ASSIGNMENT.
Below is a listing. Set down exactly the lines from the one containing "Triple Shade Kanchi Silk" through the one containing "Antalya’da kaçak sigara imalatı operasyonu", both ends included, and leave out the rest.

EXERCISE DATA.
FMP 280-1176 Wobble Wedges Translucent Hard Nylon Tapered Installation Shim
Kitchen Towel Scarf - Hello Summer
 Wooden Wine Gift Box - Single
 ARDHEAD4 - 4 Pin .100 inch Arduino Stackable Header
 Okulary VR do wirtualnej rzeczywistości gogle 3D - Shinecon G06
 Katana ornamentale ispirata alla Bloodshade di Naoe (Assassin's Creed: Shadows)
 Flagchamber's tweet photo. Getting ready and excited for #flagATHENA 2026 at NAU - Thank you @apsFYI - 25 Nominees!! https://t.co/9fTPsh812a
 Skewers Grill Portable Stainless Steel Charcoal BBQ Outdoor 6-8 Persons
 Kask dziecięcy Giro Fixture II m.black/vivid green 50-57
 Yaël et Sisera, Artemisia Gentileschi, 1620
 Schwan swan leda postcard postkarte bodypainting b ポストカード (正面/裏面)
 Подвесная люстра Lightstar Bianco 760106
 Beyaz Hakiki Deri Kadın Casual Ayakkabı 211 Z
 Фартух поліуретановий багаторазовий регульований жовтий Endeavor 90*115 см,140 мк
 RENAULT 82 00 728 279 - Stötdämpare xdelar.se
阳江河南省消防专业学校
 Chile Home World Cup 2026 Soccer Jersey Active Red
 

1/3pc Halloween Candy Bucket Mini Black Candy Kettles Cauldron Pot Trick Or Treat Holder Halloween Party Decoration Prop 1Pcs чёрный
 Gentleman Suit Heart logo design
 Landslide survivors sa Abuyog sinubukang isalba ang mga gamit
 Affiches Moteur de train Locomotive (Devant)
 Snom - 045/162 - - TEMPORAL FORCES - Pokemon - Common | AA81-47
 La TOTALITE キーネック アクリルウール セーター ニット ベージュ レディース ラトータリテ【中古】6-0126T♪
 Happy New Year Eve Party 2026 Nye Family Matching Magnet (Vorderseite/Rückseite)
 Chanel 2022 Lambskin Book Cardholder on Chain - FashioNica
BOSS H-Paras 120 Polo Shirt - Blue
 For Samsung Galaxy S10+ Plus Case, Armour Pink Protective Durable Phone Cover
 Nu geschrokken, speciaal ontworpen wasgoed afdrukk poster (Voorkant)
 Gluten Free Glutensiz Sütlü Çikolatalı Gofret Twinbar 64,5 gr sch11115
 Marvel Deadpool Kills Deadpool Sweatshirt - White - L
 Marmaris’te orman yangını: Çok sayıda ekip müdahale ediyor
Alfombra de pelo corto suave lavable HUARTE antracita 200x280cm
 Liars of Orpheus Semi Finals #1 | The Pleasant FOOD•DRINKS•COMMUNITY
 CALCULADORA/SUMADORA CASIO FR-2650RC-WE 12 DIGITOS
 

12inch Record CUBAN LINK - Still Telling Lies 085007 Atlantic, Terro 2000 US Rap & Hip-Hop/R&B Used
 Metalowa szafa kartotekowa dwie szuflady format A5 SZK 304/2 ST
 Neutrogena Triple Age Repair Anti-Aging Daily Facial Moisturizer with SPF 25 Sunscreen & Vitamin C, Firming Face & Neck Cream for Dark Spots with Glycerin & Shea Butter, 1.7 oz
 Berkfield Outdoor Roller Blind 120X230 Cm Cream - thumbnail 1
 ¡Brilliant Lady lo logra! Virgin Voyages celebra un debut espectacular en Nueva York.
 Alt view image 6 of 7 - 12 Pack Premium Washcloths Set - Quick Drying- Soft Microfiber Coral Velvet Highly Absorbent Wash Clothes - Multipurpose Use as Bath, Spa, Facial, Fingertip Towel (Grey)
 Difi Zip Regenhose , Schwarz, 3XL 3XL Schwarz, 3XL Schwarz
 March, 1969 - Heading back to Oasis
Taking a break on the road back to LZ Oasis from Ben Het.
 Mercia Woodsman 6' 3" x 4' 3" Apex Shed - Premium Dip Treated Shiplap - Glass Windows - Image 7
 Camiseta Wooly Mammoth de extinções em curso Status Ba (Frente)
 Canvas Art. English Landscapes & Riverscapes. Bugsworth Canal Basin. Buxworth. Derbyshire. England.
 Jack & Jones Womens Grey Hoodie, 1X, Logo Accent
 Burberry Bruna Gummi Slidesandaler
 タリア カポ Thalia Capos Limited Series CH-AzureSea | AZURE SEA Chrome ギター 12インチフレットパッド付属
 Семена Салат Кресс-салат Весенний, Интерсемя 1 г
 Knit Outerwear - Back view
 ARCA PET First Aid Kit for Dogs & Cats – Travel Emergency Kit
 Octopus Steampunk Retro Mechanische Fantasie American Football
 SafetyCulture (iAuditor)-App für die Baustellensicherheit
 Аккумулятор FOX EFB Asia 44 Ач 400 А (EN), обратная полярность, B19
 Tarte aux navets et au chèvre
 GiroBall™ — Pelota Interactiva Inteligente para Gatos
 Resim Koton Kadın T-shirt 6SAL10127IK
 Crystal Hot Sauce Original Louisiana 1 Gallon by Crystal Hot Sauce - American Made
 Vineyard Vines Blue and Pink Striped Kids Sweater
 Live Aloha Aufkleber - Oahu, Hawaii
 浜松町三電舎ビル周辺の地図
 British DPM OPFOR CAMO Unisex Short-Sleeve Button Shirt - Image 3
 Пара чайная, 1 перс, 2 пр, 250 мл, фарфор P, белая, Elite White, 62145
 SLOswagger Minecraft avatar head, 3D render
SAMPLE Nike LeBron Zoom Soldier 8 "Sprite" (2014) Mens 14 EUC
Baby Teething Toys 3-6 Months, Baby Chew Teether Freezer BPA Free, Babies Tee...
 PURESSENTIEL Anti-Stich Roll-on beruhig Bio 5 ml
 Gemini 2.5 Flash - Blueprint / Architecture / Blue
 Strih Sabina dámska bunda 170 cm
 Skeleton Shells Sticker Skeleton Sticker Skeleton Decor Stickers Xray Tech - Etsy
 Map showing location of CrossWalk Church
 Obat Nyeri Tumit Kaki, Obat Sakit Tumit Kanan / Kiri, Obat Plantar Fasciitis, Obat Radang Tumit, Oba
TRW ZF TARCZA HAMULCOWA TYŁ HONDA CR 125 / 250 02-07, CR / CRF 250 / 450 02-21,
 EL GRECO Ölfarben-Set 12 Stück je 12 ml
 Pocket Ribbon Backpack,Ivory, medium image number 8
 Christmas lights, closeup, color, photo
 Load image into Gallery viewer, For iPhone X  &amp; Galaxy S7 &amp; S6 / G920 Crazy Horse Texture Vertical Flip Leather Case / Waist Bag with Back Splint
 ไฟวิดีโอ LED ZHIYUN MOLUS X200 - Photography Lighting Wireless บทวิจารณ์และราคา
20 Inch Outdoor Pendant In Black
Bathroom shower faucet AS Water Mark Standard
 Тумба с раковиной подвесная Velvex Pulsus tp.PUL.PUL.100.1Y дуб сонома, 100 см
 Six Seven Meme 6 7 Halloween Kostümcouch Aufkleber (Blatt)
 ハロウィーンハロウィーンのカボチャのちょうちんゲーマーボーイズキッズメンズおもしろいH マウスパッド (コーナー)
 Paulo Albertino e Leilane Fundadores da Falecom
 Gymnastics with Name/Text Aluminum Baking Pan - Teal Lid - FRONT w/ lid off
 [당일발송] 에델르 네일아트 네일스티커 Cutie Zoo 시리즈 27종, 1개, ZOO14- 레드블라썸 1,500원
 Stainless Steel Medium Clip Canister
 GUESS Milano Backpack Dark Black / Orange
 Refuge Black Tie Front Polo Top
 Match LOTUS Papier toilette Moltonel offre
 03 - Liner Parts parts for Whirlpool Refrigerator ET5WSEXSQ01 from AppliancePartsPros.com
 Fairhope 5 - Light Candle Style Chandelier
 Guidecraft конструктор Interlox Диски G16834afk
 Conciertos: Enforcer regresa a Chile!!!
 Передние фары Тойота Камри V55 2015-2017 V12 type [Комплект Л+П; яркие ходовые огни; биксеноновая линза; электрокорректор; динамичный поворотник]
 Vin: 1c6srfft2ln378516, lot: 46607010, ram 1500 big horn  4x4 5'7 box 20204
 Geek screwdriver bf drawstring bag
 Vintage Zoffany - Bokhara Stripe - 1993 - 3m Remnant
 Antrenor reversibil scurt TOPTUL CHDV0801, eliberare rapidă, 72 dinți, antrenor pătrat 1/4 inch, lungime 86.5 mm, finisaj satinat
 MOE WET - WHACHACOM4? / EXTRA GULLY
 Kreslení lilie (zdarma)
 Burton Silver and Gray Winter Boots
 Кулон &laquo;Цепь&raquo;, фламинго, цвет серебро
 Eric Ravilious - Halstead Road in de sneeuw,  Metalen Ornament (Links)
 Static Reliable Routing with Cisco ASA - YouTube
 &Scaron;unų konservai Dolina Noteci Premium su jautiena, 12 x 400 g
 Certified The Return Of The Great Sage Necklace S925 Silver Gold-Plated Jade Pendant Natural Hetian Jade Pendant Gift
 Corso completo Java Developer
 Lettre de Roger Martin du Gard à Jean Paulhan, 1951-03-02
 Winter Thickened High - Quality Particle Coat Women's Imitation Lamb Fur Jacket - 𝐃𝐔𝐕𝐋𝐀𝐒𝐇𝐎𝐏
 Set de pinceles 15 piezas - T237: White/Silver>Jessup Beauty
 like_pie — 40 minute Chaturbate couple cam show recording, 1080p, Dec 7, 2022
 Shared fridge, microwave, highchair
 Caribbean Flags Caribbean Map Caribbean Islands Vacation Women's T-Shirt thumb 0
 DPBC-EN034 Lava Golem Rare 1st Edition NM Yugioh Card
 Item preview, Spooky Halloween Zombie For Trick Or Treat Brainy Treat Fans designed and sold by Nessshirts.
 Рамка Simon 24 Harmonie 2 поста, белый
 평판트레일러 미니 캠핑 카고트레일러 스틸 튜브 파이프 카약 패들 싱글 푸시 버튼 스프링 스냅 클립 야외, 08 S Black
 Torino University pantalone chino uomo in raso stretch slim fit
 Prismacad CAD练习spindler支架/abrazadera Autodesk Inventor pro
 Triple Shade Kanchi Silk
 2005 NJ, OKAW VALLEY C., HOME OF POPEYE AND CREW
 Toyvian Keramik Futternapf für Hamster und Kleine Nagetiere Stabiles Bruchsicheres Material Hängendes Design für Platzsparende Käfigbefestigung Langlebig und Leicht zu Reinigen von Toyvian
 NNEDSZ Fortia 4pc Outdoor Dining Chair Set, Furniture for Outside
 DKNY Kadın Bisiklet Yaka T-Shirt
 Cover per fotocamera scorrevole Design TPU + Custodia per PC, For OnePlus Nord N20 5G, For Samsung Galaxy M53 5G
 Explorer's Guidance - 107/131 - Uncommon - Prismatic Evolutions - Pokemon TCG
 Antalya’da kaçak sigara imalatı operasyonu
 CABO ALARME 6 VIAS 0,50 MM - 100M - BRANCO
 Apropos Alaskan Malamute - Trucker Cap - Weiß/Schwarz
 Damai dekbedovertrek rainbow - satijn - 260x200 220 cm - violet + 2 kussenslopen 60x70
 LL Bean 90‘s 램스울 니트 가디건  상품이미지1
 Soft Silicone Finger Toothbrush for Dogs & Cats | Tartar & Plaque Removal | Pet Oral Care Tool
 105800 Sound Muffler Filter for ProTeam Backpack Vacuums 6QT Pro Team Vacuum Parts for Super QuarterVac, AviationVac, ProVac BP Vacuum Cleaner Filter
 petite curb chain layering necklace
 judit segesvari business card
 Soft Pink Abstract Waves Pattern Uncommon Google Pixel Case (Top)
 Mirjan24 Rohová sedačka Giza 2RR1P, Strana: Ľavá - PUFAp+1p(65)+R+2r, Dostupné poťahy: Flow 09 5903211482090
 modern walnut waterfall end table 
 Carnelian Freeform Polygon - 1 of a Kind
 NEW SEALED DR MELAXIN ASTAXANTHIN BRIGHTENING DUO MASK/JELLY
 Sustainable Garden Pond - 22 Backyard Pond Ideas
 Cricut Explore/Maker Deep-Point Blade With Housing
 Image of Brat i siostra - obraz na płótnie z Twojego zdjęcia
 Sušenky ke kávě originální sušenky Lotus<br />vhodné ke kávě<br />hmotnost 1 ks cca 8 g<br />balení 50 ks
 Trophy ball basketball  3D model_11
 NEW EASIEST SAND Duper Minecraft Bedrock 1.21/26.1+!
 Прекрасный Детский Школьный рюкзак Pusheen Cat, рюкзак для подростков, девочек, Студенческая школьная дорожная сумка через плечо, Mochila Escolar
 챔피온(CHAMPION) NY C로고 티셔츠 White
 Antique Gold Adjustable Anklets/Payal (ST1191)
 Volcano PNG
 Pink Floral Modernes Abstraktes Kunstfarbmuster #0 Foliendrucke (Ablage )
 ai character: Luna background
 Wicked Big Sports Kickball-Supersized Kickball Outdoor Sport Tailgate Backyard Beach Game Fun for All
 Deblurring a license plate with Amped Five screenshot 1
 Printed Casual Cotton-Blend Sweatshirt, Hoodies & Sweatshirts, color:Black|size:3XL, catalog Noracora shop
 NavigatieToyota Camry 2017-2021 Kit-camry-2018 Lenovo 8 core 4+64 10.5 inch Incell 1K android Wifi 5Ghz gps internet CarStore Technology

YOUR SOLUTION.
 Triple Shade Kanchi Silk
 2005 NJ, OKAW VALLEY C., HOME OF POPEYE AND CREW
 Toyvian Keramik Futternapf für Hamster und Kleine Nagetiere Stabiles Bruchsicheres Material Hängendes Design für Platzsparende Käfigbefestigung Langlebig und Leicht zu Reinigen von Toyvian
 NNEDSZ Fortia 4pc Outdoor Dining Chair Set, Furniture for Outside
 DKNY Kadın Bisiklet Yaka T-Shirt
 Cover per fotocamera scorrevole Design TPU + Custodia per PC, For OnePlus Nord N20 5G, For Samsung Galaxy M53 5G
 Explorer's Guidance - 107/131 - Uncommon - Prismatic Evolutions - Pokemon TCG
 Antalya’da kaçak sigara imalatı operasyonu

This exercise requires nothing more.